## EXERCISE BRIEF
Set down exactly the lines from the one containing "Assortimentsdoos 326x257x48mm 4 Liter - 5" to the final line of the records below, with every picture omitted.

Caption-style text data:
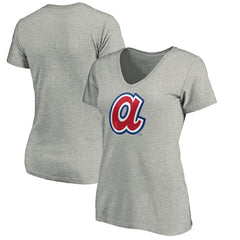 Atlanta Braves Women's Forbes V-Neck T-Shirt | MLB Online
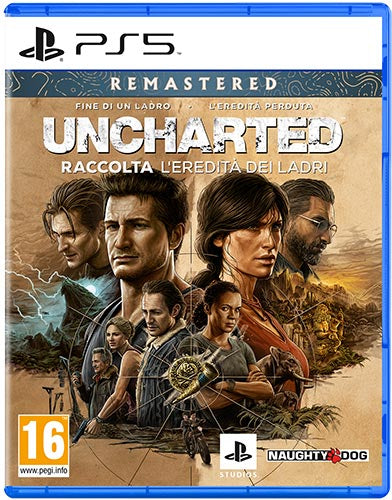 Uncharted Raccolta L'Eredità dei Ladri Remastered PlayStation 5 - Nathan Drake Chloe Frazer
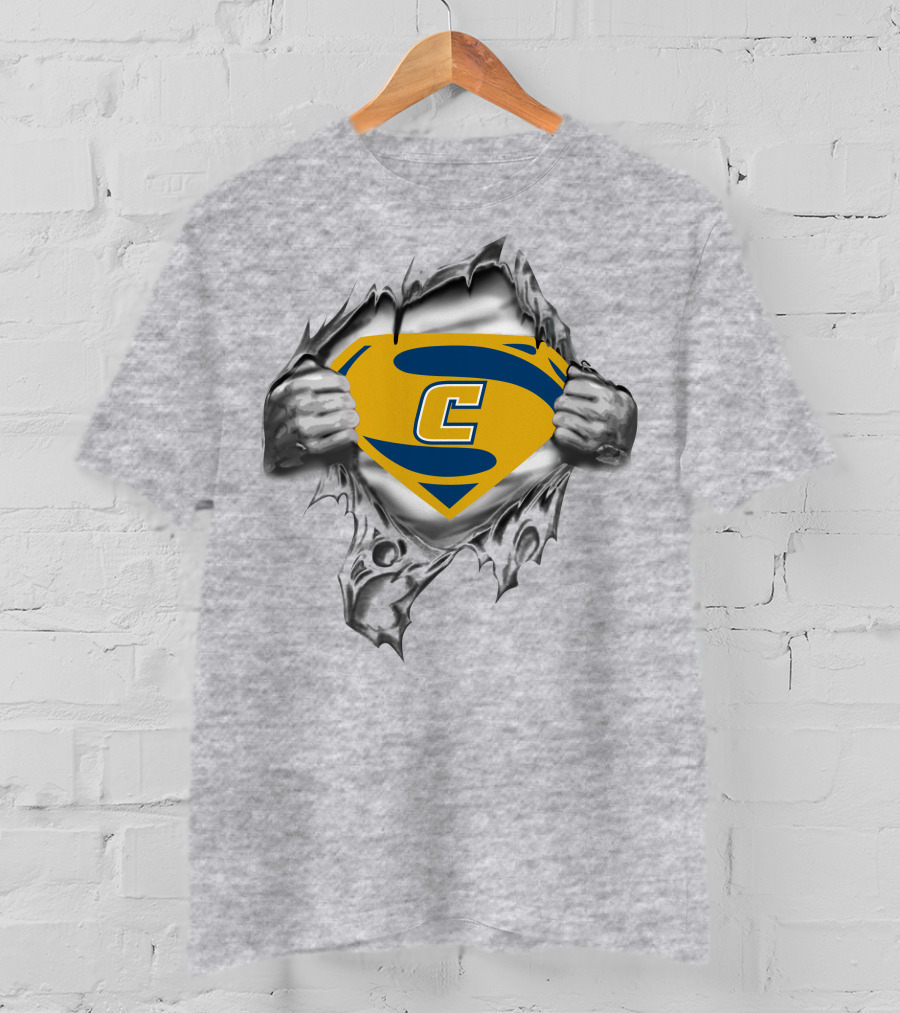 Utc Mocs Superman Logo C Inside Ripped Chest T-Shirt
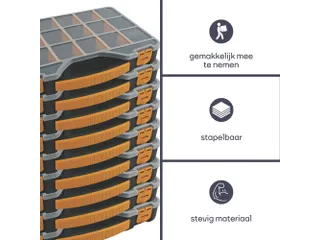 Assortimentsdoos 326x257x48mm 4 Liter - 5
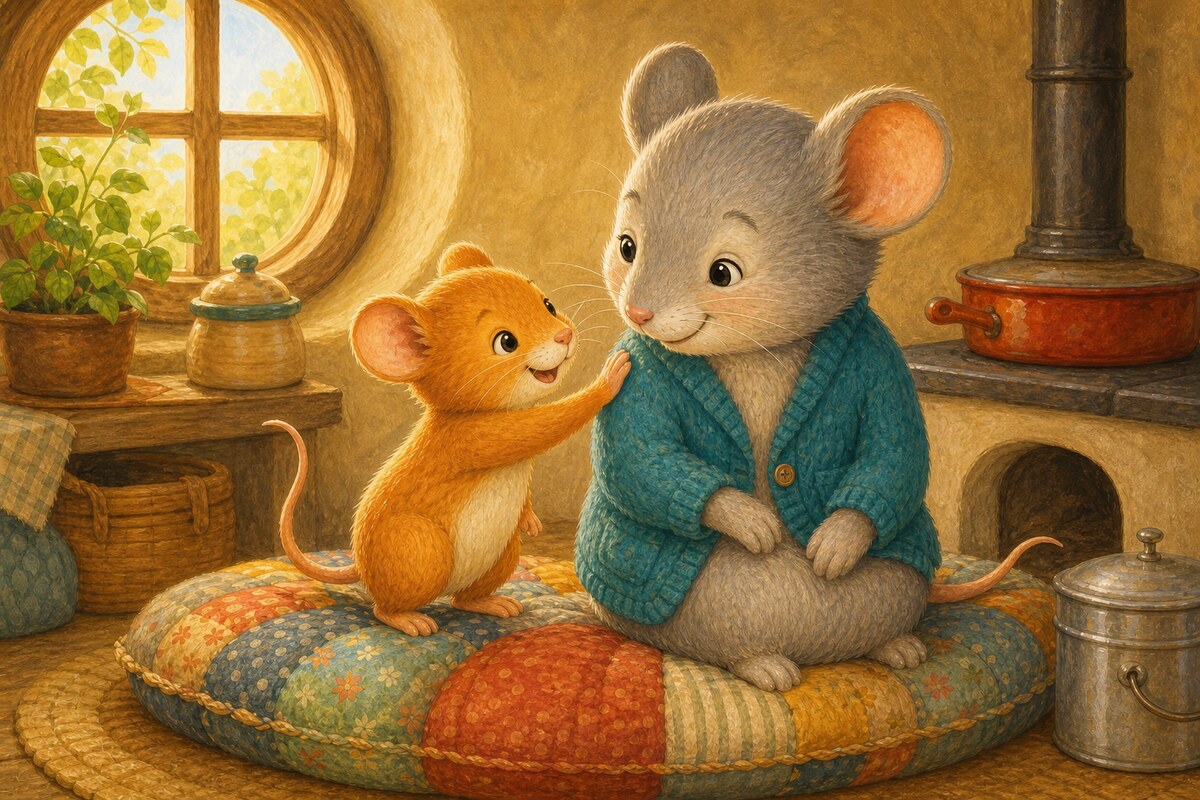 Pip pats Nan.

## ANSWER AREA
 Assortimentsdoos 326x257x48mm 4 Liter - 5
 Pip pats Nan.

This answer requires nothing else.